Address your cover letter appropriately:
Be sure that you get the name of the hiring manager before sending your resume, and address the letter to that
individual. The proper greeting will be either “Dear Mr. (Smith),” or “Dear Ms. (Smith).” Avoid using Miss or Mrs.,
and do not address your letter to “Dear Sirs,” as it is considered inappropriate. If you are unsure of your
contact’s gender, address them by their first and last name, as in “Dear Pat Smith,” to avoid an embarrassing
mistake. If you don’t know the name of the hiring manager, simply use the greeting “Dear Hiring Manager,”– it’s
clear, to the point, and gender neutral.

Get to the point in your opening paragraph:
One of the most common interviewing questions employers ask is “Why should I hire you among other
candidates?” Provide an answer to that question right off the bat in your opening paragraph. This is a very
important section because it is the first thing the employer will read. It must be powerful and make an immediate
impact. Be sure sell yourself and your unique abilities. Do not use a generic opening paragraph that can apply to
any Tom, Dick or Harry.
Every line should sell you, so use aggressive language here and throughout the rest of your cover letter. For
example, instead of writing “My background is in finance management, making me well-suited for your
advertised Corporate Finance Director position.” you can write “A background in finance management and a
proven record of developing effective strategies that drive revenue, growth and shareholder value make me a
strong candidate for your advertised Corporate Finance Director position.”

Show your interest and sell your accomplishments in the body of the letter:
In this section, you need to show your interest in the job and the company. Research is a key ingredient to a
successful job search. The more you are able to demonstrate your interest and knowledge about a company,
the better your chances are to secure an interview. Get to know the company’s mission and new corporate
initiatives, and tell them how you can help them meet their objectives or resolve their problems.

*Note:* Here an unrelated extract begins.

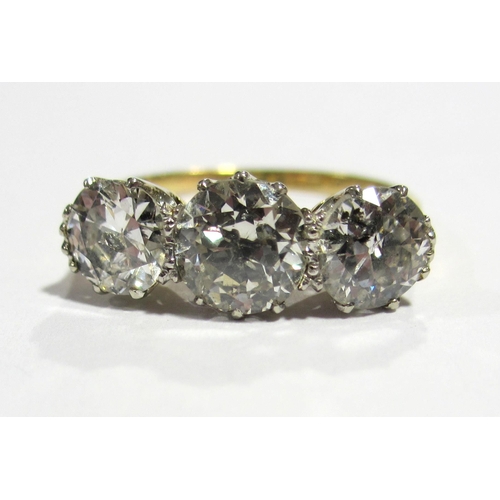 67 - An eighteen carat gold diamond three stone ring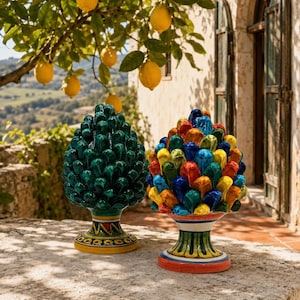 Puede incluir: Dos esculturas de cerámica en forma de piña sobre una superficie de piedra. Una es de color verde oscuro sólido con una base estampada en amarillo y azul. La otra es multicolor con escamas amarillas, azules, rojas y verdes sobre una base a rayas.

Praise the
company for public recognitions or recent accomplishments. The employer will surely take notice of your active
Use “I” and “my” sparingly. Try not to use these words more than six times in your cover letter. You need to
focus on what you will bring to the company and how you will help them improve their profitability. Too much use
of the word “I” will also make your letter look elementary and poorly written.

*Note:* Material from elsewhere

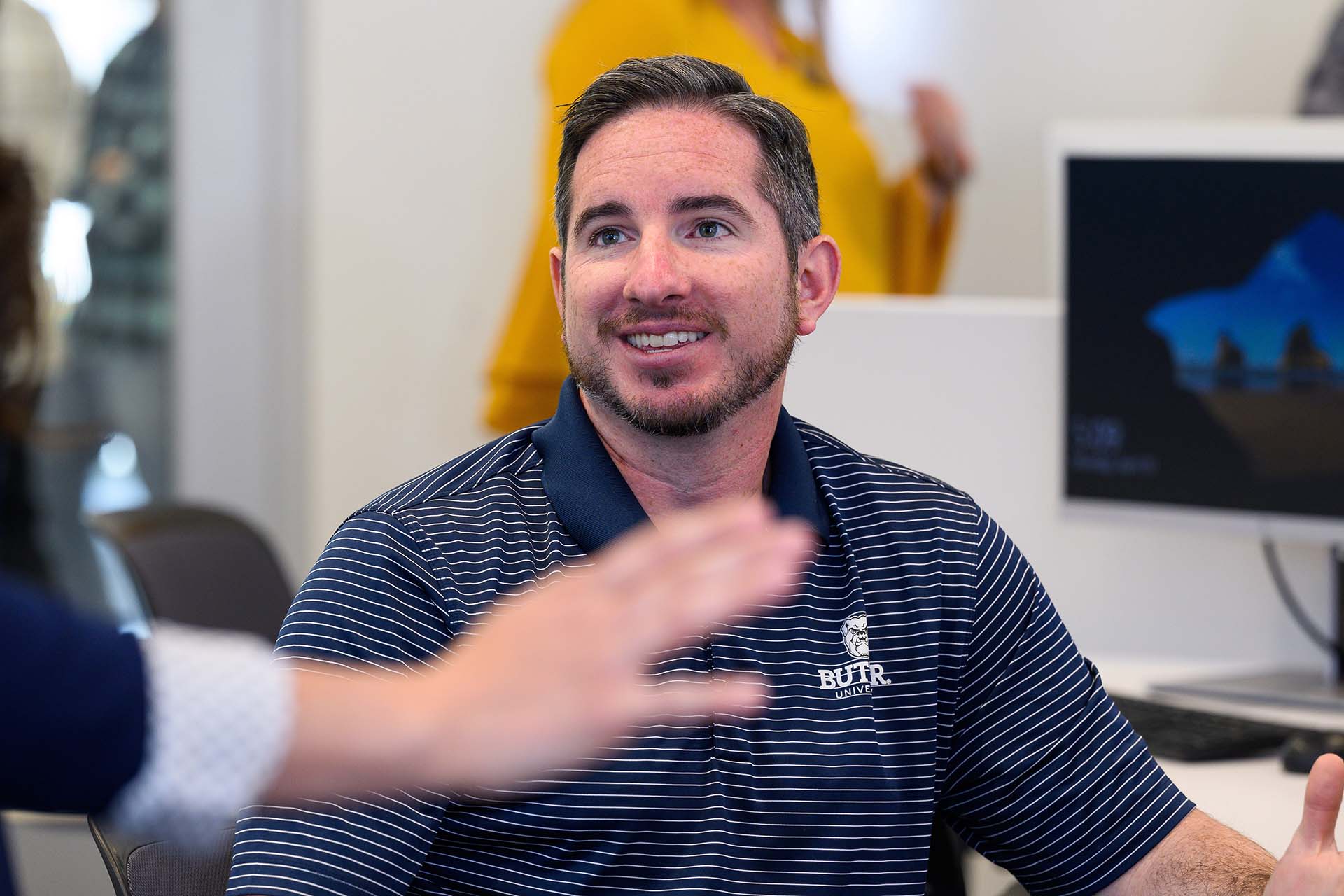 Man in Butler University striped polo shirt smiles while chatting with another MBA student.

For executive-level candidates and professionals with substantial achievements, a bullet point format is often
the most effective and efficient way to highlight accomplishments. If you fall into this category, be sure to keep
the bullet point statements unique and fresh. Do not copy and paste the exact same phrases from the resume
as it will make you look lazy. All sentences and achievements transferred from the resume should be rephrased.

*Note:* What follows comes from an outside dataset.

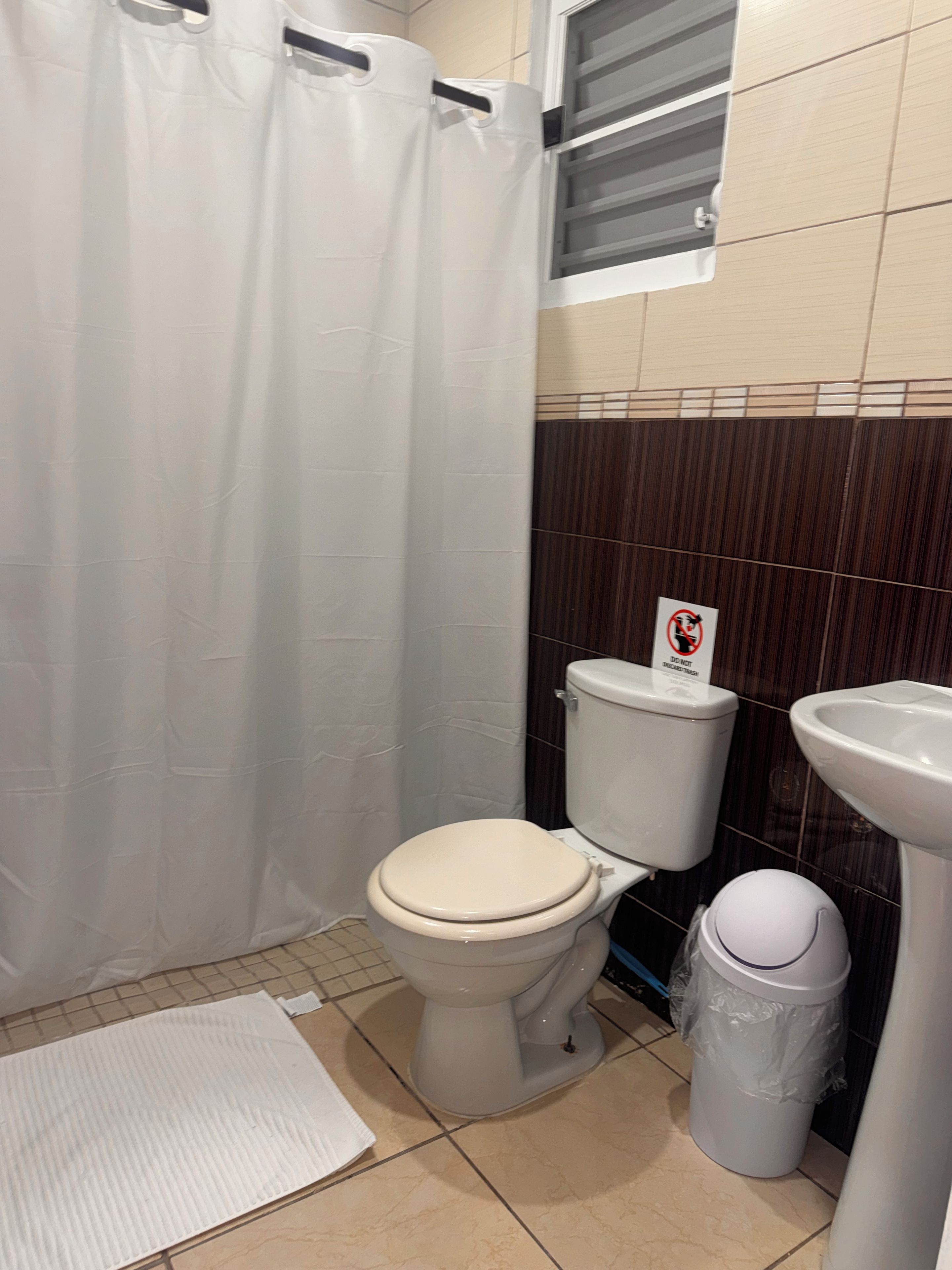 Un baño con inodoro, lavamanos, cubo de basura y cortina de ducha.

Close your letter with a strong paragraph:
In the closing paragraph, you need to address several issues. At the very least, you need to ask for the interview
and provide contact information. This is also the ideal place to mention your salary requirements (if the employer
insists on it), or your desire to relocate.
To demonstrate your drive and interest, mention that you will call within a week to follow up. This is a great way
to ensure the resume was successfully received, and it creates an opportunity to establish a dialog. However,
do not mention this in your cover letter if you do not intend to follow up.